From Demon to Darling: A Legal History of Wine in America

From Demon to Darling: A Legal History of Wine in America

From Demon to Darling: A Legal History of Wine in America

From Demon to Darling: A Legal History of Wine in America

Synopsis

Richard Mendelson brings together his expertise as both a Napa Valley lawyer and a winemaker into this accessible overview of American wine law from colonial times to the present. It is a story of fits and starts that provides a fascinating chronicle of the history of wine in the United States told through the lens of the law. From the country's early support for wine as a beverage to the moral and religious fervor that resulted in Prohibition and to the governmental controls that followed Repeal, Mendelson takes us to the present day--and to the emergence of an authentic and significant wine culture. He explains how current laws shape the wine industry in such areas as pricing and taxation, licensing, appellations, health claims and warnings, labeling, and domestic and international commerce. As he explores these and other legal and policy issues, Mendelson lucidly highlights the concerns that have made wine alternatively the demon or the darling of American society--and at the same time illuminates the ways in which lives and livelihoods are affected by the rise and fall of social movements.

Excerpt

Two weeks after I arrived at Oxford in September 1975, I rambled down a corner staircase in the main quadrangle of Magdalen College to a nondescript door marked “Wine Steward.” Little did I know that it was the entrance to the college’s massive underground cellars and my future career. Over the next two years those cellars served as my introduction to the world of wine and led me to France and then America in pursuit of fine wines and their accompaniments—food, art, history, and culture. Law would come later.

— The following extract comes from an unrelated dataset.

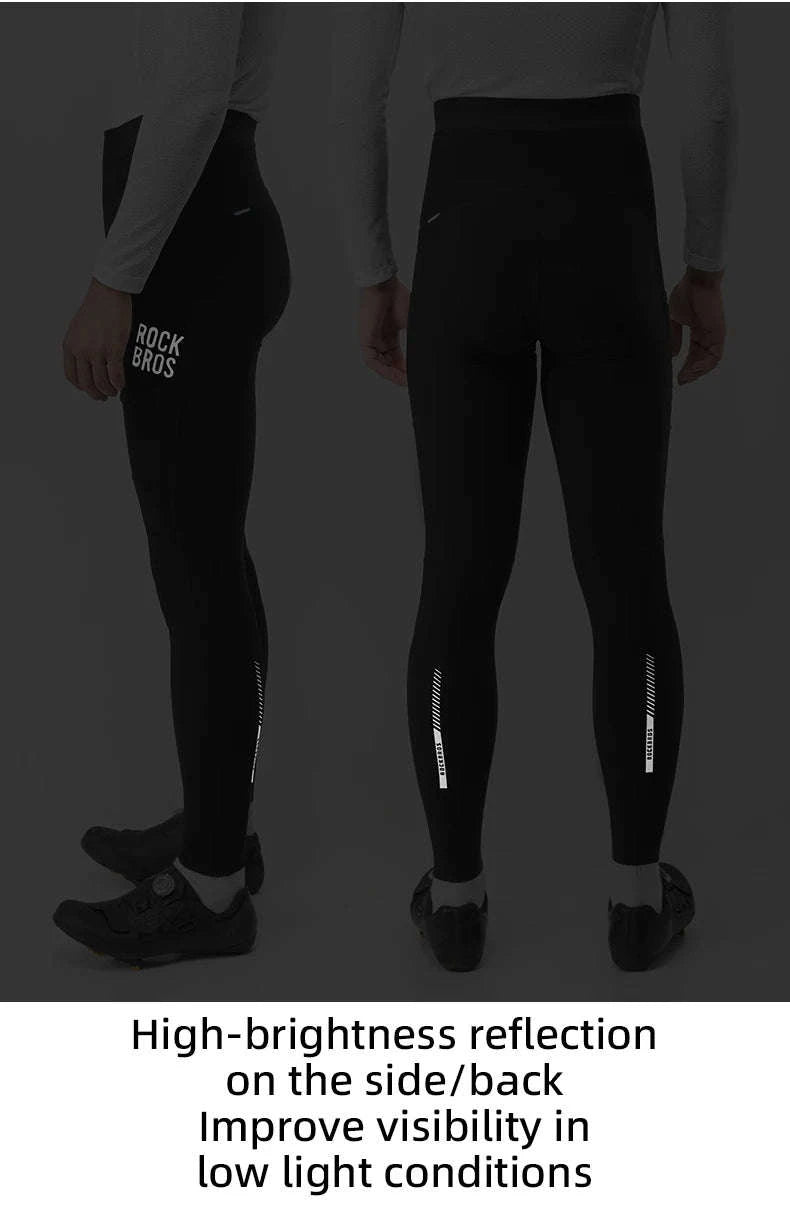 Men’s Winter Cycling Pants Windproof Fleece Trousers with Cushion-YDCK007-1 / Asian 3XL(EUR 2XL)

As a native Floridian, I had never drunk or heard about any of the wines on the college’s wine list, and I could hardly pronounce their names— Chambertin, Pouilly-Fuissé, Graacher Himmelreich, and the like. Magdalen offers its wines to students at cost plus a small markup. Access to the cellar’s stock depends on the length of your gown; undergraduates have the most limited access and dons the most extensive. I was a graduate student with a thigh-high gown, so the steward handed me the fifteen-page wine list, full of offerings from around the world, including old vintages, and all at reasonable prices. I committed to drinking my way through that list during my two-year stay.

Before Oxford, the only wines I had drunk were jug wines swilled at college parties and Manishewitz drunk with the family at Passover. Mostly my friends and I drank beer and punch laced with grain alcohol. The Old World changed all of that.